Enfrentei um de meus medos e comi um doce; o mundo não acabou

há 4 meses 12

Há anos tento entender porque a comida representa uma ameaça na minha vida. Dia desses provei da doçura que um abraço no estômago pode trazer a ela. Despem-se as gorduras, os carboidratos e as calorias e fica só o quentinho da ternura no corpo. Um simples bolinho feito no micro-ondas transforma o estômago em um local seguro.

Foi o meu namorado quem me apresentou esse sabor. Apesar das décadas existindo no mundo, foi uma surpresa. Das boas. Me fez pensar que pode haver novas oportunidades da gente se encontrar —eu e a sensação maravilhosa dentro de uma caneca ros a que eu comprei na Daiso.

O impacto de algo tão banal me levou para 2014, diretamente à primeira vez que minha ex-psicóloga me sugeriu comer um pedaço de chocolate naquela semana. Um quadradinho só, que o monstro da culpa engrandecia e projetava como um peso gigante sobre mim. Era muita coisa para carregar.

Foram semanas de sofrimento, dividida entre me recusar a comer, comer e vomitar ou encarar a vulnerabilidade e ingerir um punhado de açúcar. Passei meses até, enfim, concluir a tarefa. Aquele pedacinho virou uma grande comemoração com ela, minha então psicóloga e inspiração para esse pseudônimo, Ana Carolina.

Ali recomeçava minha relação com a comida. Ora, é óbvio que eu sempre comi e estou aí, há décadas, mastigando. Mas de praxe entre episódios de compulsão que me faziam devorar todos os pedaços de uma pizza sozinha, sentada no chão do meu quarto, e a restrição absoluta, que me fazia desmaiar rotineiramente em locais públicos, assustando conhecidos e desconhecidos, a todo momento correndo para descobrir o que acontecia comigo. Era o famoso "saco vazio não para em pé."

Esse chocolate abriu espaço para o macarrão de domingo na minha mãe e o pão no café da manhã. Como de costume, alguém irá brotar do absoluto nada e dizer: é preciso maneirar nos carboidratos e nos doces, é uma questão de saúde. E quem foi que disse o contrário? Pois é também questão de saúde não viver em sofrimento, e a relação com a comida infelizmente pode trazer medo, culpa, nenhum prazer e muita dor.

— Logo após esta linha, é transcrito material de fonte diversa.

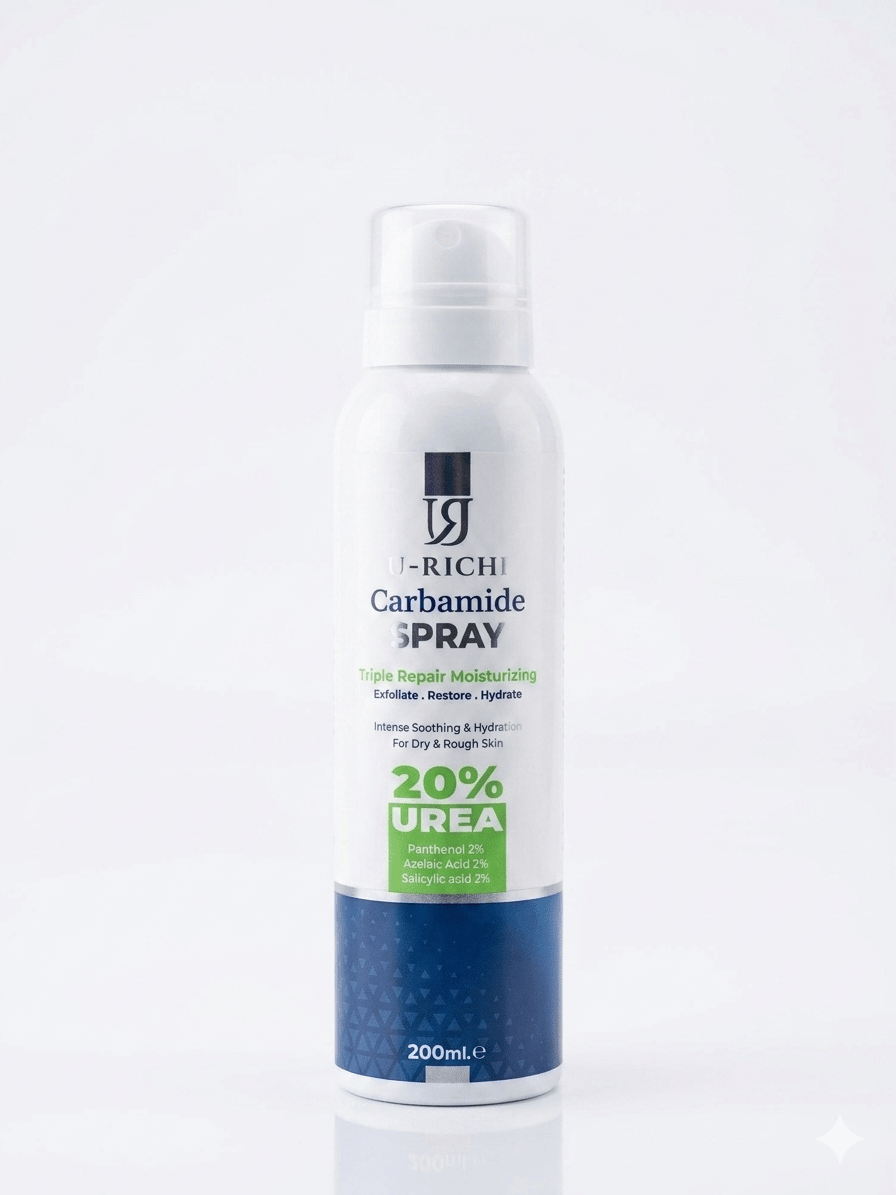 U-Richi Carbamide Spray 20% Urea 200 ml | عناية شخصية يو ريتشي سبراي 200 مل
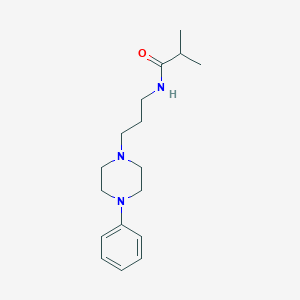 molecular formula C17H27N3O B2473936 N-(3-(4-苯基哌嗪-1-基)丙基)异丁酰胺 CAS No. 1049474-77-2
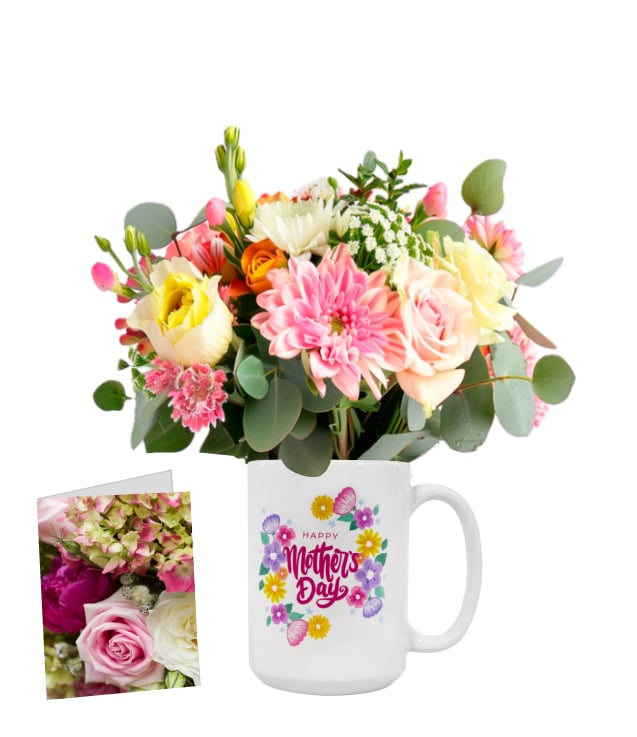 Mug & Fleurs Pour Maman 1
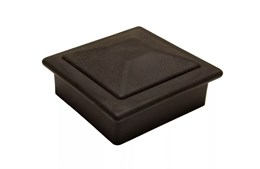 Крышка столба ПВХ DECKART 125*125 мм Графит 12147 Крышка столба ПВХ DECKART 125*125 мм Графит 12147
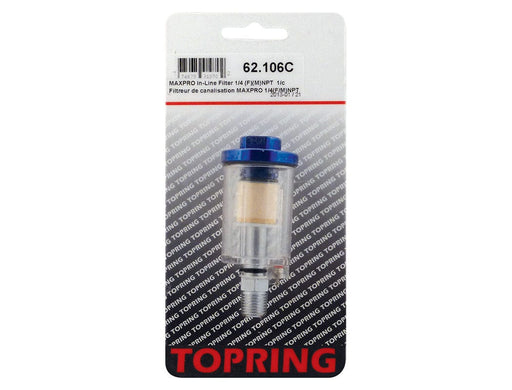 TOPRING Air Tool Accessories 62.106C : TOPRING IN-LINE FILTER 1/4 (F) (M) NPT MAXPRO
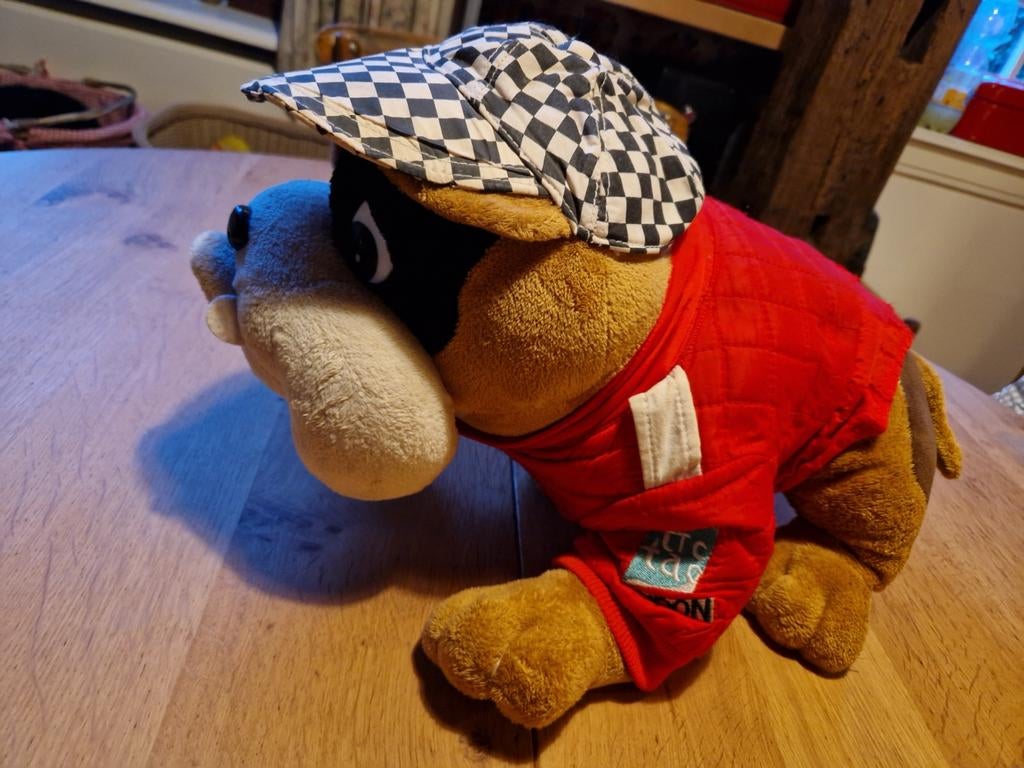 STOERE ENGELSE BULLDOG PLUCHE, Ophalen of Verzenden, Overige typen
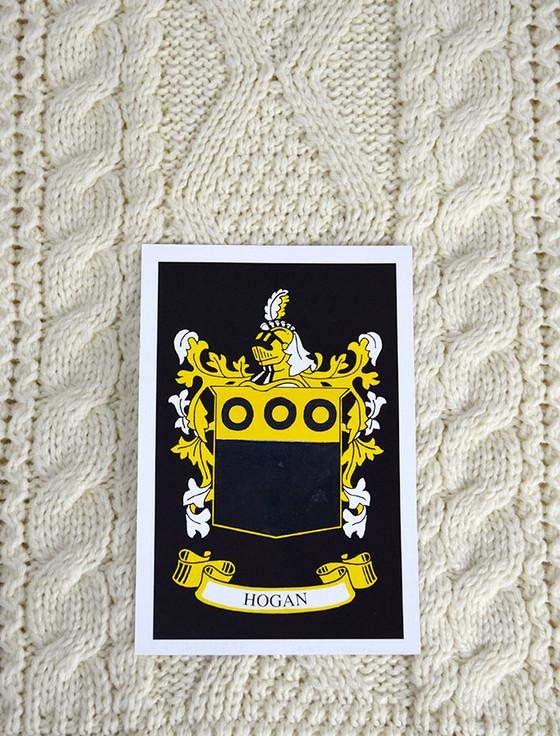 aran cashmere Hogan Clan Aran Throw
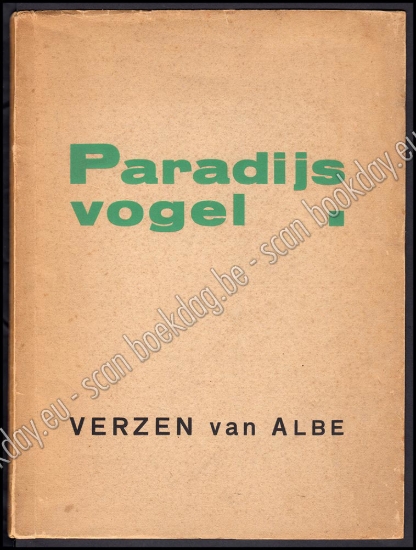 Afbeeldingen van Paradijsvogel. Verzen. Opdracht aan Jef Denijn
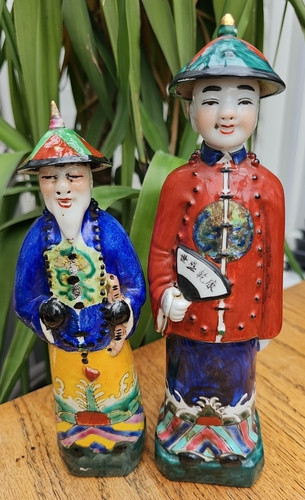 Antique pair qing - antique,
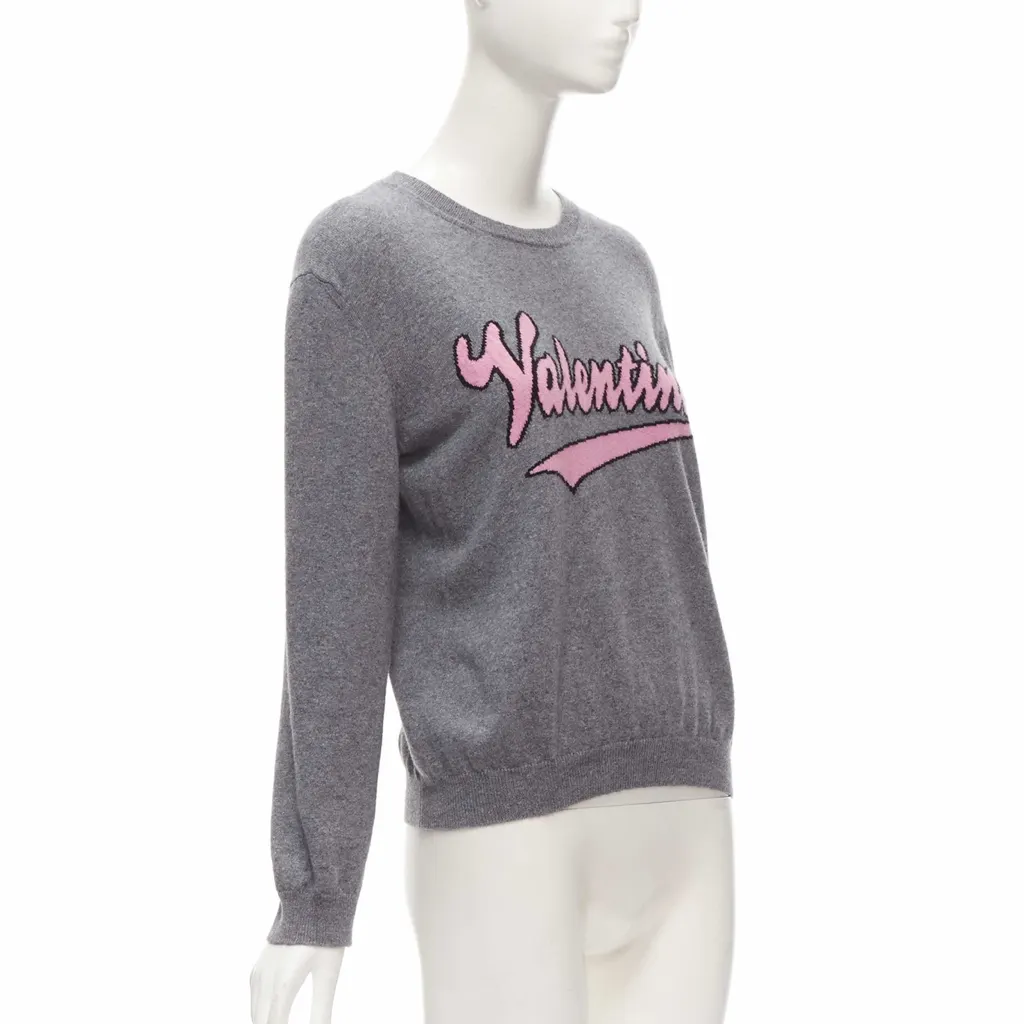 Valentino Graphic Wool Sweater Pink Wool Never worn - Inside View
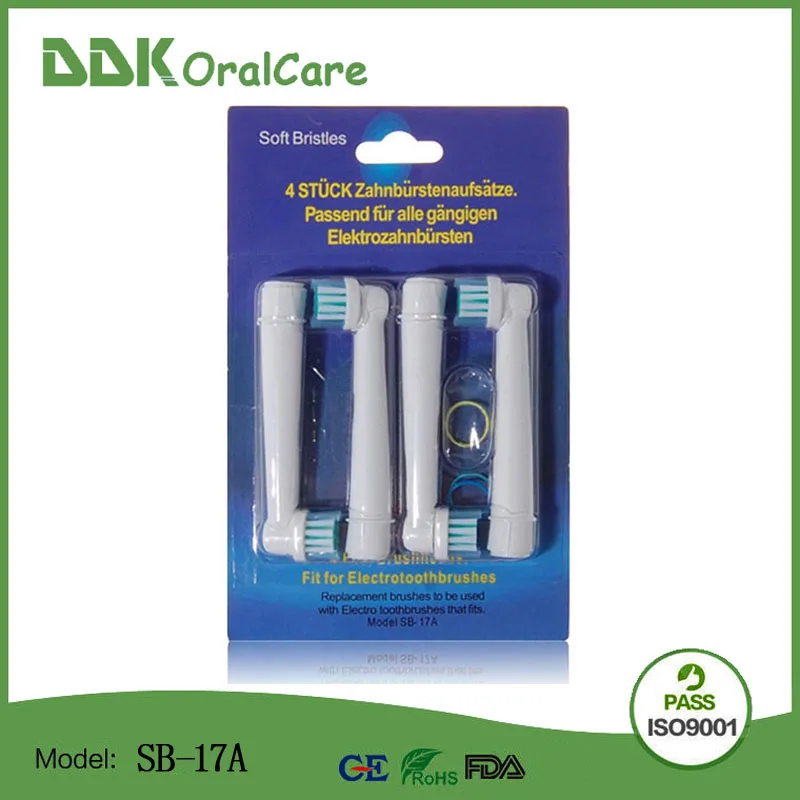 12 шт. = 3 pack SB-17A/EB17 Замена для braun oral b электрическая зубная щетка глав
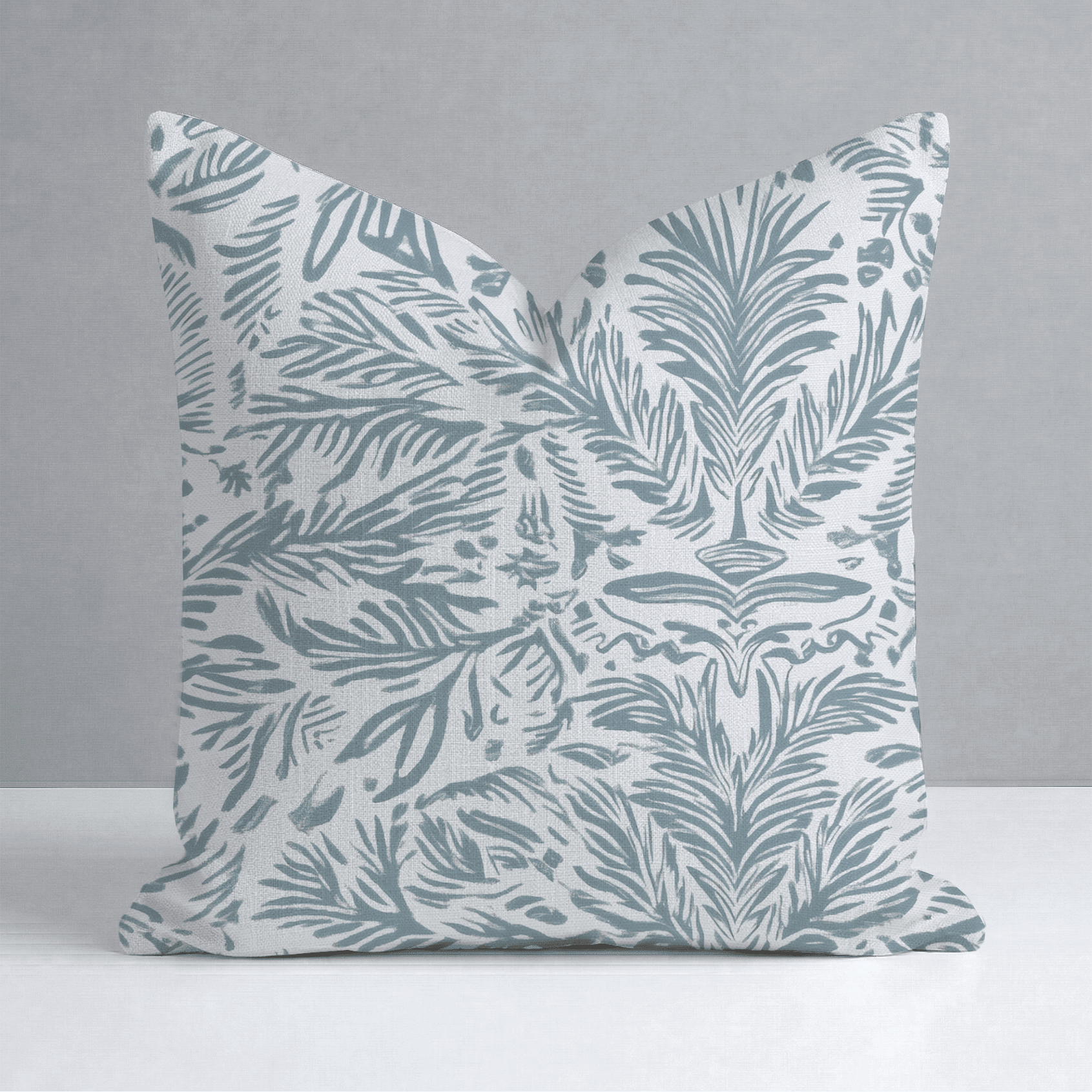 Miss Magnolia Blue Throw Pillow - Benton Lane Home - Lemon Park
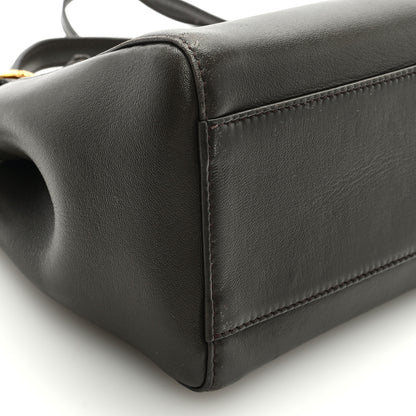 Fendi Nappa Mini Peekaboo Iconic Satchel Carbone 8 of 9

Já somo dez anos reaprendendo a comer. Demorei muito para entender que se alimentar não é só para ficar em pé. É também. Mas pode envolver uma tradição familiar ou uma comemoração. Pode ser mais do que uma colher de arroz e outra de feijão para não desmaiar e mascarar uma doença que me deixou tanto tempo com a imunidade baixa.

Com minha atual psicóloga, venho tentando entender porque ainda é raro que eu sinta fome ou vontade de comer. Eu como porque sei que o corpo precisa etc e blá-blá-blá (e também porque sei que ele armazena mais gordura se achar que você não vai ingerir nutrientes). A cada três horas, lá vou eu.

Me comprometo a incluir todos os nutrientes em cada preparo. Mas desde o início deste ano venho lidando com um agravante que havia me deixado por um tempo: a depressão. E ela também captura essa fome que já não tenho.

Eu até pensava que apenas tinha me convencido de não ter acesso a essa sensação. Como aqui conto não apenas o que vivo, mas também o que dizem especialistas, descobri que não era invenção. Em um outro texto do blog a nutricionista Sophie Deram disse que a sensação de fome pode ser inibida. E entre os altos e baixos de reaprender a comer, de vez em quando até esbarro nesse alerta fisiológico. Também é confuso para mim.

Foi então que, dia desses, submersa no cansaço após uma crise de ansiedade, busquei um afago e recebi em forma de bolo. "Vou te fazer um doce", ele disse —mas na nossa casa só tinha doce de leite. Deitei sob o edredom, de banho tomado e pijama (ainda evito tomar banho após comer, pois acho difícil lidar com o meu corpo) e esperei. Um bolinho preparado em cinco minutos alcançou minhas mãos.

Uma banana nanica amassada, um ovo, duas colheres de farinha de aveia, uma pequeninha de fermento e canela. Mexe e deixa no micro-ondas por dois minutos. Algo assim, banal. E de longe uma das coisas mais gostosas que eu já comi.